El proceso, que en principio debería seguir un curso técnico y administrativo, se ha visto marcado por vacíos normativos, retrasos en la conformación de la comisión encargada de tramitar la propuesta y tensiones políticas entre las bancadas Acción Democrática Nacional (ADN) y Revolución Ciudadana (RC).
El artículo 9 de la Ley Orgánica de Participación Ciudadana dispone de un plazo de quince días para verificar el cumplimiento de los requisitos de admisibilidad de la iniciativa y pronunciarse mediante resolución del pleno.
El proyecto busca crear un cuerpo de protección ciudadana que articule la acción de distintas instituciones públicas bajo el liderazgo de los municipios de cada ciudad, en un intento por enfrentar los problemas de inseguridad en el país desde una lógica más territorial.
Pese a la relevancia del tema, el trámite legislativo no ha avanzado con celeridad.
El 31 de marzo de 2026, el pleno de la Asamblea Nacional aprobó, con 83 votos a favor, la conformación de la comisión calificadora encargada de revisar la iniciativa.

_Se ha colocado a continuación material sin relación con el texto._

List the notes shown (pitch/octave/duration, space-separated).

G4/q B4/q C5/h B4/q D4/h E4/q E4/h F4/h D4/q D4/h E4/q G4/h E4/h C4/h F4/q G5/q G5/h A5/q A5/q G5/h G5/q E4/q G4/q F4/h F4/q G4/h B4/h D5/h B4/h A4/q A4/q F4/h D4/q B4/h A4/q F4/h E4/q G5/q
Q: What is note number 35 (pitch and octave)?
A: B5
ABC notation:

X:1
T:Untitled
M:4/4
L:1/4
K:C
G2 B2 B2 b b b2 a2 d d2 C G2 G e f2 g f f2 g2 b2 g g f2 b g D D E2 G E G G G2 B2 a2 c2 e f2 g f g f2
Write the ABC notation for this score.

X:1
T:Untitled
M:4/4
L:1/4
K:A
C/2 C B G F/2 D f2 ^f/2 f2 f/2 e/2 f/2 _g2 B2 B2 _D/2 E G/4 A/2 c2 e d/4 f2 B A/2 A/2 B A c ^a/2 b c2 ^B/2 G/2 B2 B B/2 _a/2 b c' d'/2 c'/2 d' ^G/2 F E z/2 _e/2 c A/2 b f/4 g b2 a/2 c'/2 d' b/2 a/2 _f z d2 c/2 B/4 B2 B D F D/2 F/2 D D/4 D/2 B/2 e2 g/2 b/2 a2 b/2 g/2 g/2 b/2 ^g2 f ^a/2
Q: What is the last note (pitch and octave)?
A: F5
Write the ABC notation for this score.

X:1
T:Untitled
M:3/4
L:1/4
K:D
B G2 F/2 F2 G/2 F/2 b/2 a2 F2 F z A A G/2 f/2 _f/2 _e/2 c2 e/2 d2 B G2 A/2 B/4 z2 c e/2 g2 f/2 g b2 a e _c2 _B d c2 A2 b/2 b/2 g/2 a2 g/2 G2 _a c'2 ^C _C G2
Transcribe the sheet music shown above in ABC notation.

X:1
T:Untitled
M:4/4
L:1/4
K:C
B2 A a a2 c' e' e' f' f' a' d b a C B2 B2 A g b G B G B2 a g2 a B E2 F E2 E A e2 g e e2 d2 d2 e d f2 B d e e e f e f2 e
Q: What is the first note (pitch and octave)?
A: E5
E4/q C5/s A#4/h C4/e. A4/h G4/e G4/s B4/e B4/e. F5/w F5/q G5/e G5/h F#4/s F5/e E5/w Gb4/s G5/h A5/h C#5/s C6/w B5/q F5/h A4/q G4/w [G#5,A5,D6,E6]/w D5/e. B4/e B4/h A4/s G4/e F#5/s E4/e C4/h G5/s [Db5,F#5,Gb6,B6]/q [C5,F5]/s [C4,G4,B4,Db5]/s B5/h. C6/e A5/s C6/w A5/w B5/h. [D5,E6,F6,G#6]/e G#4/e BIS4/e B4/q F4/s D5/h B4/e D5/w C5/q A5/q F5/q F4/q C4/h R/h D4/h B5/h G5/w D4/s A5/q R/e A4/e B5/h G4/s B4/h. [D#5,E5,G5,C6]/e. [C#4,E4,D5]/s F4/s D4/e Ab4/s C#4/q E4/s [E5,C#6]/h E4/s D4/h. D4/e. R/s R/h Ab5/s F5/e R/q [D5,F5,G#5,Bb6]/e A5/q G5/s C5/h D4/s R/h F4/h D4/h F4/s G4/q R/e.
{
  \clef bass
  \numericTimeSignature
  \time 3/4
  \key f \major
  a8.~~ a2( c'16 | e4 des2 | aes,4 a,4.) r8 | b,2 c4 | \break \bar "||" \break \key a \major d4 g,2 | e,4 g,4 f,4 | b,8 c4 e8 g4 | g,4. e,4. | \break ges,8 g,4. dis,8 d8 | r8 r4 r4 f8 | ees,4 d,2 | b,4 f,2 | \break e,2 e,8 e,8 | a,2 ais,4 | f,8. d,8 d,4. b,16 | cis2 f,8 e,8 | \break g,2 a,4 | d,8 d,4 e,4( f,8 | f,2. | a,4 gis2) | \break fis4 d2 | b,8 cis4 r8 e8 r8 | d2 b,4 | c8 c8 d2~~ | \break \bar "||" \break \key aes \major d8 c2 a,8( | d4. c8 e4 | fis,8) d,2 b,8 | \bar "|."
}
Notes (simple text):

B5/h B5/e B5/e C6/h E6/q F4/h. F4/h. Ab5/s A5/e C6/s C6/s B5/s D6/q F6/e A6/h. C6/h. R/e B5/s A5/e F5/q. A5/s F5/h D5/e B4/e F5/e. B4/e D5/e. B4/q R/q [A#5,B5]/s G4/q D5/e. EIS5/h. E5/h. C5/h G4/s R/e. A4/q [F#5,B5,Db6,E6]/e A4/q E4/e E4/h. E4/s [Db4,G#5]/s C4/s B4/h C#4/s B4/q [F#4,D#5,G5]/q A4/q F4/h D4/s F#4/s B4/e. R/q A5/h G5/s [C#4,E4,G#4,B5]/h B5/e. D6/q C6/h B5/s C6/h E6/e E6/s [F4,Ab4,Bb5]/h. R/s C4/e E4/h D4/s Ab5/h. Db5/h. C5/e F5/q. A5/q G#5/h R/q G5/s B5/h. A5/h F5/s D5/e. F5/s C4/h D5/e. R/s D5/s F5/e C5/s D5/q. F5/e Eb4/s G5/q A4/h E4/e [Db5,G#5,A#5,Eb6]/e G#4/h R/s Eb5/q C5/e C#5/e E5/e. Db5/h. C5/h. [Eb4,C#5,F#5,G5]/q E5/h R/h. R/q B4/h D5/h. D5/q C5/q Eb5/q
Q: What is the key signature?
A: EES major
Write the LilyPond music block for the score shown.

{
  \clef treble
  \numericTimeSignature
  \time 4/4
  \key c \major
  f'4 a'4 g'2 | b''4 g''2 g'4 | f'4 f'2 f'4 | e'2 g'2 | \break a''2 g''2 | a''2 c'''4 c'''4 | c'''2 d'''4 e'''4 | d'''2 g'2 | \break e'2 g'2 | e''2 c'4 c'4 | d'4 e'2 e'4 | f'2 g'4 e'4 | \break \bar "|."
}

La comisión calificadora evaluará aspectos formales como la coherencia temática, la claridad en la redacción de los artículos, la existencia de una exposición de motivos y la correcta clasificación del proyecto como ley orgánica u ordinaria.
La resolución de este caso será clave no solo para el proyecto de seguridad, sino también para sentar precedentes sobre cómo se gestionan las iniciativas populares en el país, en medio de un escenario político marcado por la fragmentación y la confrontación entre fuerzas legislativas.